A pro-business climate and strong population growth continue to boost the commercial real estate market in Columbus, Ohio. That’s a good thing: These positives are helping the local market survive a sometimes-tumultuous economy and weather an office sector that remains in flux.
We spoke with Jason Krug, senior managing director with Berkadia, about the enduring strength and resiliency of the Columbus CRE market. Here is what he had to say.
Are you still seeing a strong demand for new commercial real estate development in the Columbus market? Why or why not?
Jason Krug: We are seeing very strong demand for new commercial real estate developments in the Columbus market across most asset classes. Higher interest rates have posed challenges for developers, but Columbus’ pro-business environment mixed with strong population growth (over 30,000 annually) shows just how resilient the Columbus market and economy really are.
The pro-business climate and ongoing population growth continue to attract employers and provide forward-looking developers the confidence and vision for new projects.

Jason Krug, Senior Managing Director, Berkadia
Are there any projects currently in development in the Columbus market that you are most excited about?
Krug: There are many new projects in the Columbus development pipeline to get excited about including Nationwide Chidren’s Hospital’s expansion, Bridge Park’s expansion in Dublin, the new terminal at the John Glenn Airport and Anduril’s Arsenal-1 campus.
Anduril’s Arsenal-1 is particularly exciting as it will showcase the employment base in Columbus on both the manufacturing and the technology front. Additionally, the site will support 4,000 high-paying jobs that will have a direct effect on other CRE asset classes such as retail, office and most notably multifamily.
Columbus has long had a reputation as a being a consistent, conservative CRE market. How has that helped the local CRE market through challenging economic times?
Krug: The Midwest is largely known for slow growth and is often overlooked by some investors. However, the conservative Midwest approach in Columbus has not only led it to be a consistent performer but is now garnering our market a reputation as an outperformer.
Which commercial sectors are performing especially well today in the Columbus market? What are the reasons for this strong performance?
Krug: Class-A office, industrial/logistics and multifamily are on the list for sectors performing especially well. Multifamily is performing particularly well given the record number of deliveries. There are pockets with short-term softness with new deliveries in lease-up; however, despite the record number of deliveries over 5,500 units have been absorbed over the last 12 months while rents continue to grow.
Multifamily stands out with resilient absorption outpacing historical averages, setting up for stronger rent growth as 2026 deliveries are projected to drop 40-50% from 2025 peaks.
A moderate cost-of-living, the pro-business environment, positive population growth and strong employment growth all position Columbus as one of the most attractive markets nationally for multifamily as well as other CRE classes.
Are there any commercial sectors that are struggling today in the market?
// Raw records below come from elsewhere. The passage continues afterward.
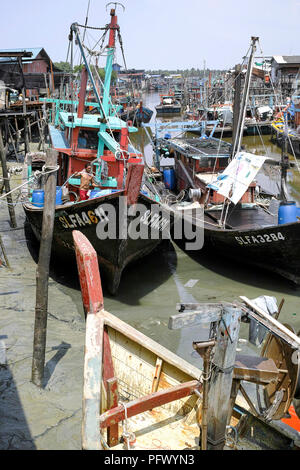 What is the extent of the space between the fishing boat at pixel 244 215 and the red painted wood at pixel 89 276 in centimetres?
619

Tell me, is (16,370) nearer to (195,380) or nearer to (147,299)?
(195,380)

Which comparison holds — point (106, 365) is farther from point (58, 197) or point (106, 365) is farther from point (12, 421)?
point (58, 197)

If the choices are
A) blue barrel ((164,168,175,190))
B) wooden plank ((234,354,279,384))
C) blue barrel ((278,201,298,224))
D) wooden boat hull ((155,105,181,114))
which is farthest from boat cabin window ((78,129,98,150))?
wooden boat hull ((155,105,181,114))

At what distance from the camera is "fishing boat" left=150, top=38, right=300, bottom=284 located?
398 inches

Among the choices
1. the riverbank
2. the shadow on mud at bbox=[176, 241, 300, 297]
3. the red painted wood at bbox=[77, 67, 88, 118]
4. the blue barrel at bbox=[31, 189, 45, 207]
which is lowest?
the shadow on mud at bbox=[176, 241, 300, 297]

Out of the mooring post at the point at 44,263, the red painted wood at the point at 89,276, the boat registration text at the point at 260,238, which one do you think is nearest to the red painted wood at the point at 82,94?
the boat registration text at the point at 260,238

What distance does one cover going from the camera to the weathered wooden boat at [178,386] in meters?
3.62

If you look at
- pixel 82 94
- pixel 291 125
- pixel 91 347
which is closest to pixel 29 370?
pixel 91 347

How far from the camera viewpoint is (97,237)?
969cm

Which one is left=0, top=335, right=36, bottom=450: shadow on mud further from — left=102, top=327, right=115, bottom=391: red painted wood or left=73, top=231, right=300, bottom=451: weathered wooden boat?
left=102, top=327, right=115, bottom=391: red painted wood

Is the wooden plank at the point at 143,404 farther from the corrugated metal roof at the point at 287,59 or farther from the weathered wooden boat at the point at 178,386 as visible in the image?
the corrugated metal roof at the point at 287,59

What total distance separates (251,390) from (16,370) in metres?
3.55

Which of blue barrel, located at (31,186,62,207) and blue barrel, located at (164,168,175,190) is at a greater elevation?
blue barrel, located at (31,186,62,207)

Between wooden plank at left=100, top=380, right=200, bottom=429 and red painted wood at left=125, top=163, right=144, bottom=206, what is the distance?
5190 mm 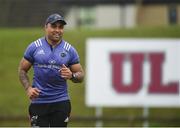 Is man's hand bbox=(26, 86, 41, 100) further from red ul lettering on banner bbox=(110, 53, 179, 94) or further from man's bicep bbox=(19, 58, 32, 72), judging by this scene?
red ul lettering on banner bbox=(110, 53, 179, 94)

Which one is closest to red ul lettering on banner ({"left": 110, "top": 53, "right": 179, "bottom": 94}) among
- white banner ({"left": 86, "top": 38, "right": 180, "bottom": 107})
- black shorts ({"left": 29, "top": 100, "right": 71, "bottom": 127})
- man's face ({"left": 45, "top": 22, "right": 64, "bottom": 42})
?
white banner ({"left": 86, "top": 38, "right": 180, "bottom": 107})

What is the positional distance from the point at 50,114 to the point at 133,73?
6.81m

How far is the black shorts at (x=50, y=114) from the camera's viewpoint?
7.13 metres

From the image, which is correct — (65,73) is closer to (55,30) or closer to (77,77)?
(77,77)

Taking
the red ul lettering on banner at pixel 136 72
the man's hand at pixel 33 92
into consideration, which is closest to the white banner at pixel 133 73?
the red ul lettering on banner at pixel 136 72

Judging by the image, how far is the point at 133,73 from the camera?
1381 centimetres

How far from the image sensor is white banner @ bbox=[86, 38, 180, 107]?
13.7 meters

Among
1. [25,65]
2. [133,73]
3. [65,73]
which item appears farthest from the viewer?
[133,73]

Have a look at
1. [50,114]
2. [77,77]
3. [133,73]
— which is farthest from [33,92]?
[133,73]

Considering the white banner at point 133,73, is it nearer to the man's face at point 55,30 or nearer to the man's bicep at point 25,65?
the man's bicep at point 25,65

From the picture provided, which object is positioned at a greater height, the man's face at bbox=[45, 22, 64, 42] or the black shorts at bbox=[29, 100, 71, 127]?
the man's face at bbox=[45, 22, 64, 42]

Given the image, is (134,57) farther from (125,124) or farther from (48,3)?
(48,3)

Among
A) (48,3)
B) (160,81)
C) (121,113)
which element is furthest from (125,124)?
(48,3)

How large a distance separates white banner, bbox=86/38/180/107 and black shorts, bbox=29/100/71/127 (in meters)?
6.51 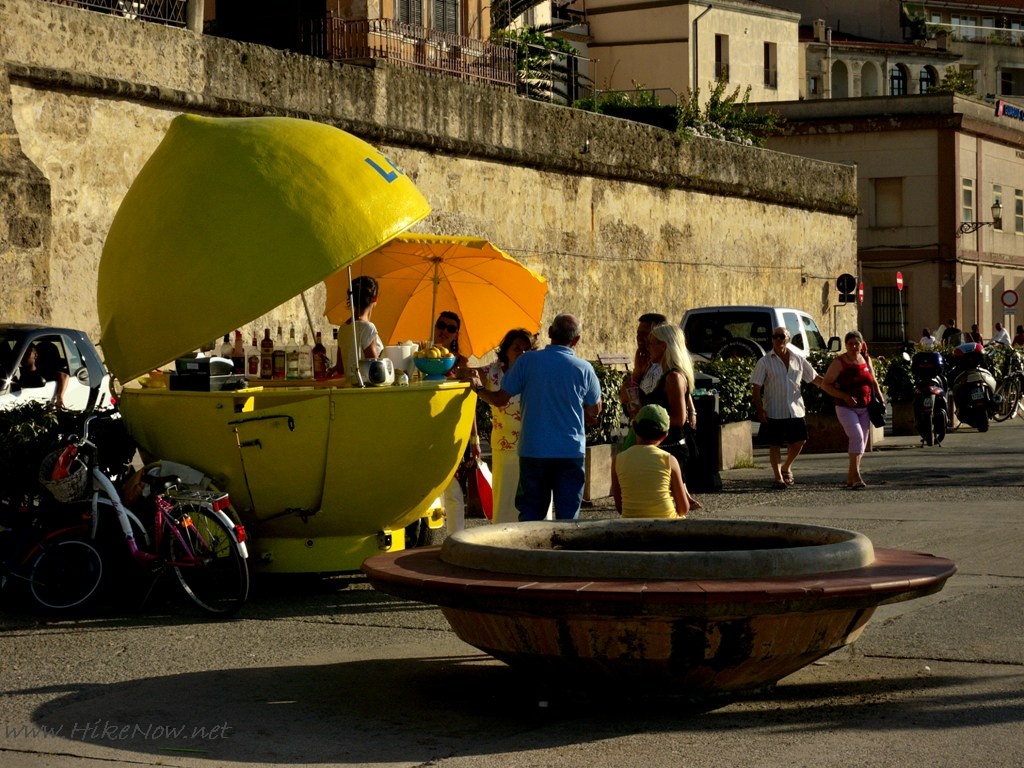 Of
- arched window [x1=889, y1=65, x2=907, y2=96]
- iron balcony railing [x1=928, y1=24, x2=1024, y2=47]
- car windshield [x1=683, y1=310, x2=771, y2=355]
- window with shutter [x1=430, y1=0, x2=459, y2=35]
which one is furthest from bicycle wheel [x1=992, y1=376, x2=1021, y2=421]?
iron balcony railing [x1=928, y1=24, x2=1024, y2=47]

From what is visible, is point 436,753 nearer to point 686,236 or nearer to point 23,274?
point 23,274

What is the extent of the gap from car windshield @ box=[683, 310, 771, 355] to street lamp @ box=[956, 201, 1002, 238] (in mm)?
30181

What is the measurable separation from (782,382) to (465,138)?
40.0ft

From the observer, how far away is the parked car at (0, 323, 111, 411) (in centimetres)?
1595

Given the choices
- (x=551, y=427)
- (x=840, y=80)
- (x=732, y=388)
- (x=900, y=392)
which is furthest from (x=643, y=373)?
(x=840, y=80)

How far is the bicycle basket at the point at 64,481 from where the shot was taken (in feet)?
30.2

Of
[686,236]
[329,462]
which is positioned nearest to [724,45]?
[686,236]

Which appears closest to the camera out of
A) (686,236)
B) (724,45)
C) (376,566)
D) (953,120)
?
(376,566)

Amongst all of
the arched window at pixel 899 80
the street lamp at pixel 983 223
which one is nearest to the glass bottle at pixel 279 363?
the street lamp at pixel 983 223

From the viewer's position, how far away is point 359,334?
33.3ft

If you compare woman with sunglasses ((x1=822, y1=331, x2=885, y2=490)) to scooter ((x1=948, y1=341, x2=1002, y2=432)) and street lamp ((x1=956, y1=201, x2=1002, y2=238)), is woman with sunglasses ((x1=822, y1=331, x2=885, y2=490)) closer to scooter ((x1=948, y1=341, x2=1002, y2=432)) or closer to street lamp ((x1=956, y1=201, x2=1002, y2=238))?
scooter ((x1=948, y1=341, x2=1002, y2=432))

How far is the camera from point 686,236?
3462 centimetres

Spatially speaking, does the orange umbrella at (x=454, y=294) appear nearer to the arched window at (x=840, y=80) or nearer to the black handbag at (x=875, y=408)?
the black handbag at (x=875, y=408)

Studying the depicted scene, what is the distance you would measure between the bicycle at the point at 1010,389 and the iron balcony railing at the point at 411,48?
39.1 ft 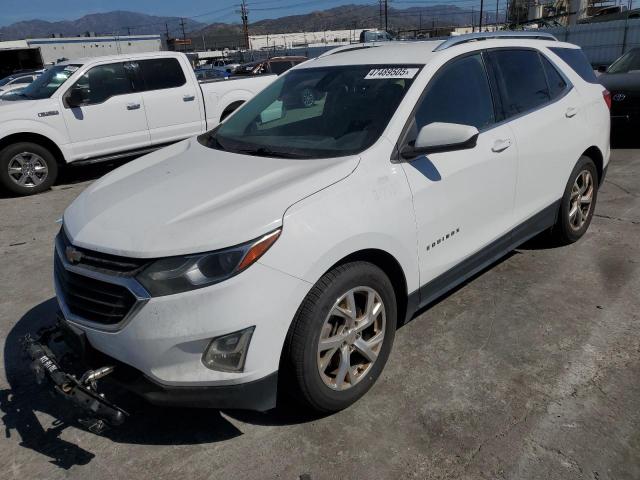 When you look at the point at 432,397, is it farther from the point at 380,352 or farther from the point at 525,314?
the point at 525,314

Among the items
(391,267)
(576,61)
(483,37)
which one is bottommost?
(391,267)

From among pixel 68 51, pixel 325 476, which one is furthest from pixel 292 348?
pixel 68 51

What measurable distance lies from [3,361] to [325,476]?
2.37m

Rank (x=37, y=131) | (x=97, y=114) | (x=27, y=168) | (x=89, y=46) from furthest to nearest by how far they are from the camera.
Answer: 1. (x=89, y=46)
2. (x=97, y=114)
3. (x=27, y=168)
4. (x=37, y=131)

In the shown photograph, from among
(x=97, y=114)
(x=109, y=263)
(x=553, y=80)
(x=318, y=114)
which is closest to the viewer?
(x=109, y=263)

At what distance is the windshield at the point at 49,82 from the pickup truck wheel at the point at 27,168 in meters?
0.82

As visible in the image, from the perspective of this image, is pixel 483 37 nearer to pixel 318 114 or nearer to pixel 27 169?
pixel 318 114

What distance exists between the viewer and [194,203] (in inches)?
103

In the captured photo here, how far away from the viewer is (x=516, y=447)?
2535mm

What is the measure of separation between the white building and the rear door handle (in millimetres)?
53617

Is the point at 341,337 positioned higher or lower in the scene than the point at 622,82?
lower

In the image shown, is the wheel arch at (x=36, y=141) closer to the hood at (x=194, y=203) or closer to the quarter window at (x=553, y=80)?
the hood at (x=194, y=203)

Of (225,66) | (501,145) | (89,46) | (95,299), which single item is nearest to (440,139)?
(501,145)

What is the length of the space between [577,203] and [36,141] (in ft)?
23.5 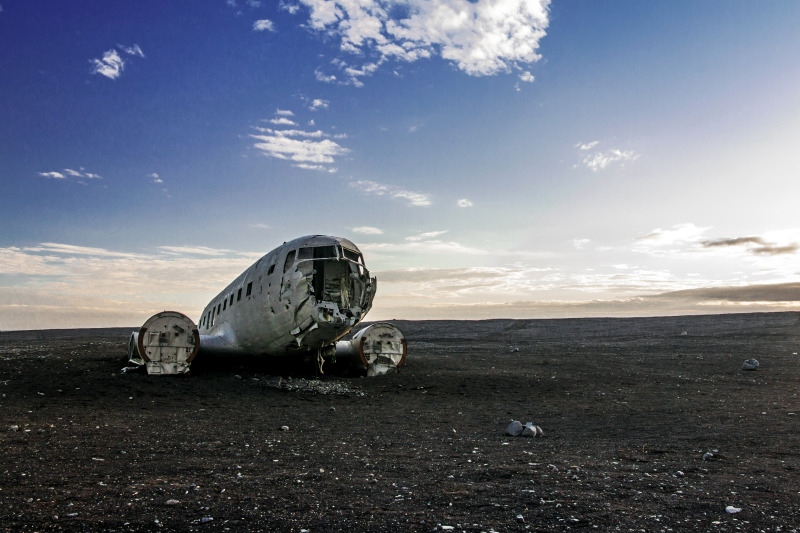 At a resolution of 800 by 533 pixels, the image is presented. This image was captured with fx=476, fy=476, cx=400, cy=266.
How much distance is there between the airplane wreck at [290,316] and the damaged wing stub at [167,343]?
0.10 ft

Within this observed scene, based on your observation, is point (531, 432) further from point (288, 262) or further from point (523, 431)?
point (288, 262)

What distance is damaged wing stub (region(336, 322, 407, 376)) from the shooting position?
1827 cm

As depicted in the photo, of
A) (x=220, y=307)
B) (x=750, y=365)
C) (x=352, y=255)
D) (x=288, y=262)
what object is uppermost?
(x=352, y=255)

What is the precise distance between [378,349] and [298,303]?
4510 millimetres

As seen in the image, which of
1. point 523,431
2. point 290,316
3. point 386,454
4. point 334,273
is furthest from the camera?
point 334,273

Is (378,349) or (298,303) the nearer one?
(298,303)

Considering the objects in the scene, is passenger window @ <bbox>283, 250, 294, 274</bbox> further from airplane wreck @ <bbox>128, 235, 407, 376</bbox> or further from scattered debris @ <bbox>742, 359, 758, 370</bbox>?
scattered debris @ <bbox>742, 359, 758, 370</bbox>

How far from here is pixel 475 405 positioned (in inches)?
516

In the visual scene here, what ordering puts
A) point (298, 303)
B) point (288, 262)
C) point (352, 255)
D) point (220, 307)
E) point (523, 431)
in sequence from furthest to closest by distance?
1. point (220, 307)
2. point (352, 255)
3. point (288, 262)
4. point (298, 303)
5. point (523, 431)

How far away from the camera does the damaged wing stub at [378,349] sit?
18270mm

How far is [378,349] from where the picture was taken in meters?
18.4

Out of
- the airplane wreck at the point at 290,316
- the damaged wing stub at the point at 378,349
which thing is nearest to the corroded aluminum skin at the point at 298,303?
the airplane wreck at the point at 290,316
Krug: This will not come as a surprise to most commercial real estate professionals, but the office sector is struggling today in the market. Not all office, but the B/C class in older submarkets as well as the CBD is showing the most weakness. This is not a Columbus-centric trend but something we are seeing nationally. Although vacancies in office are around 25%, the trend is heading in the right direction with many employers looking to bring people back to offices.
What draws companies to the Columbus market? Why are so many companies opening headquarters or satellite locations in this market?
Krug: Population growth, business friendly incentives and a deep talent pool anchored by Ohio State University are all major drivers for companies opening headquarters or satellite locations to the Columbus MSA.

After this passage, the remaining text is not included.